Setterman":2qckrnsu said:
There is really no benefit to closing the season earlier, if season length is an issue cut it from the front not the back.
It's smarter to drop the limit, eliminate hen killing, and eliminate jake killing.
If Ga really wants to address the decline look at the impacts of legalized baiting for deer. The decline coincided with that becoming legal.
What impacts have trail cams had? Not the cameras obviously, but the bait piles used to funnel game to them? It makes an easy ambush site, and with corn piles in the not humid summer months poison corn could be an issue.

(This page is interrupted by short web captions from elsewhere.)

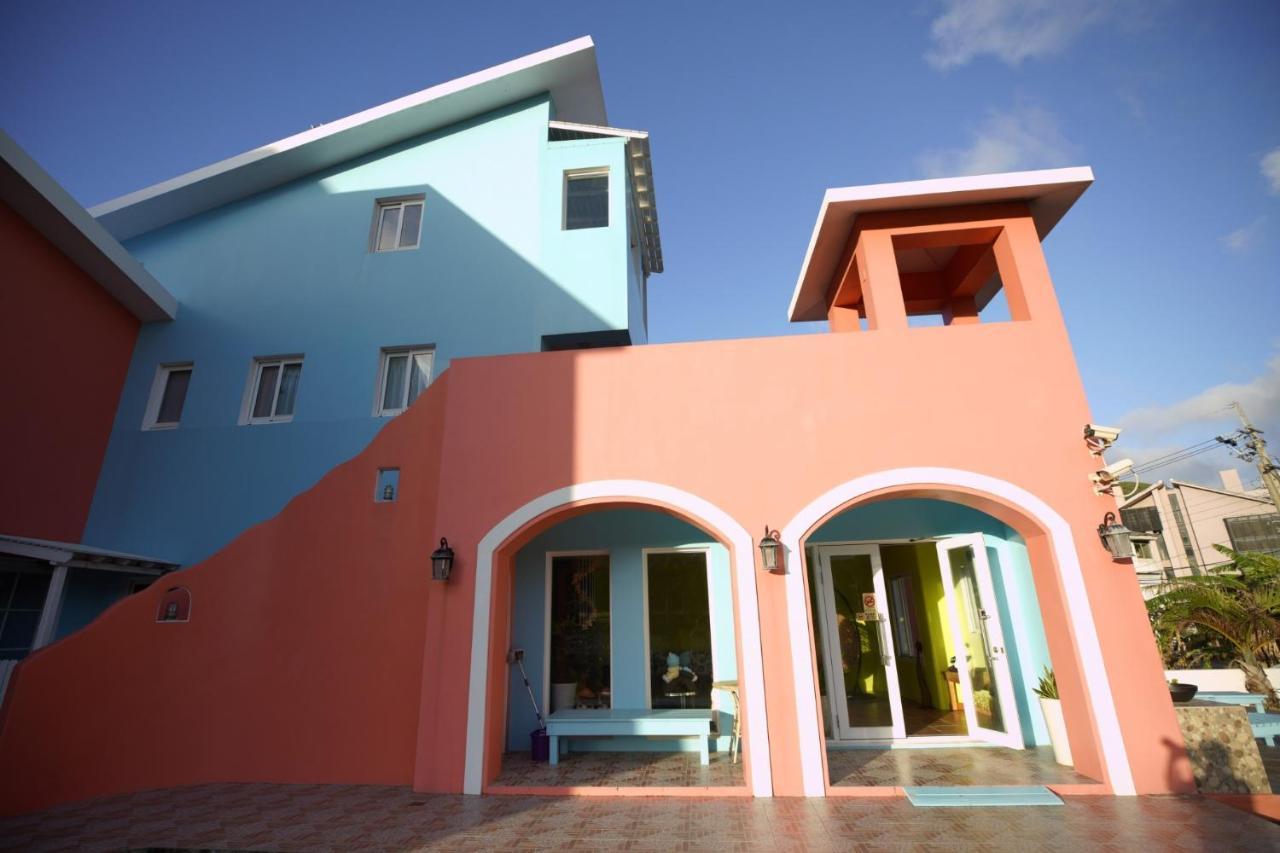 Wonderful Kenting Hostel Cape Eluanbi Екстериор снимка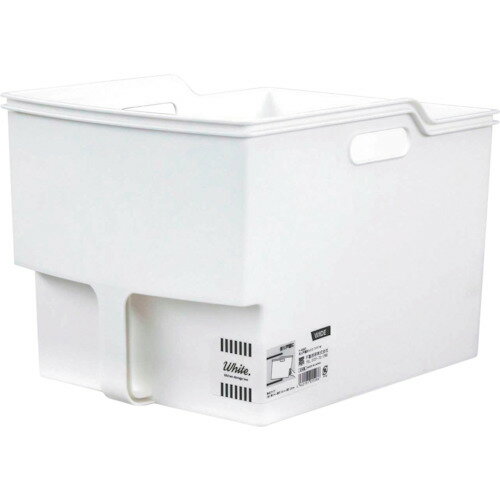 【売切れ】[収納ボックス]不動技研（株） 不動技研 吊り戸棚ボックス ワイド W F40001 015286 1台【368-7411】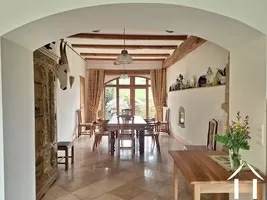 Woonhuis te koop montmelard, bourgogne, JDP5589S Afbeelding - 11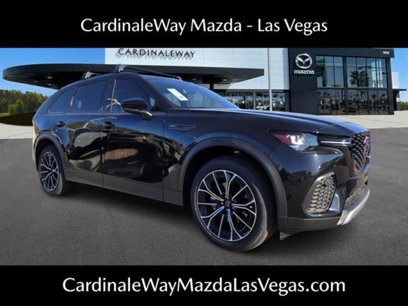 New 2025 MAZDA CX-70 Plug-In Hybrid w/ Premium Plus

One thing I'd love to see researched is the % of hens that go unfertilized because the dominant gobbler gets killed. In years past, before fanning/strutter decoys! many super dominant birds were virtually unkillable allowing them to breed every hen they gathered. Now those birds are the most susceptible to the fanning/decoys and I wonder what impact that has especially once dominance has been established and the subordinate birds basically hide. Those subordinates at some point won't fire back up even if the dominant bird goes down. So how many hens go unbred resulting in less recruitment?
I would also like to see the research that you state setterman with the new decoy phase.
Setterman,
I know that you are very knowledgeable blessed in wild turkeys, but I have just never seen the dominant vs subordinate gobbler thing you speak of. On more than one occasion, I have took part of, a gobbler being killed without hens and a gobbler with hens on the same day on the same property. Sometimes the one with no hens will be a big 4-5 year old with 1-1/4 spurs, and the gobbler with hens was a measly 3/4" spur two year old.
I know that they fight for dominance, and typically the ones we kill kamikaze style are two year old virgin gobblers, while the ones that stick with hens everyday are your older birds.
Not saying you don't know what your talking about, I just have yet to nail this one down. In my opinion, turkeys are crazy, and very random, and no telling what could happen at any given point of the season at any time of day.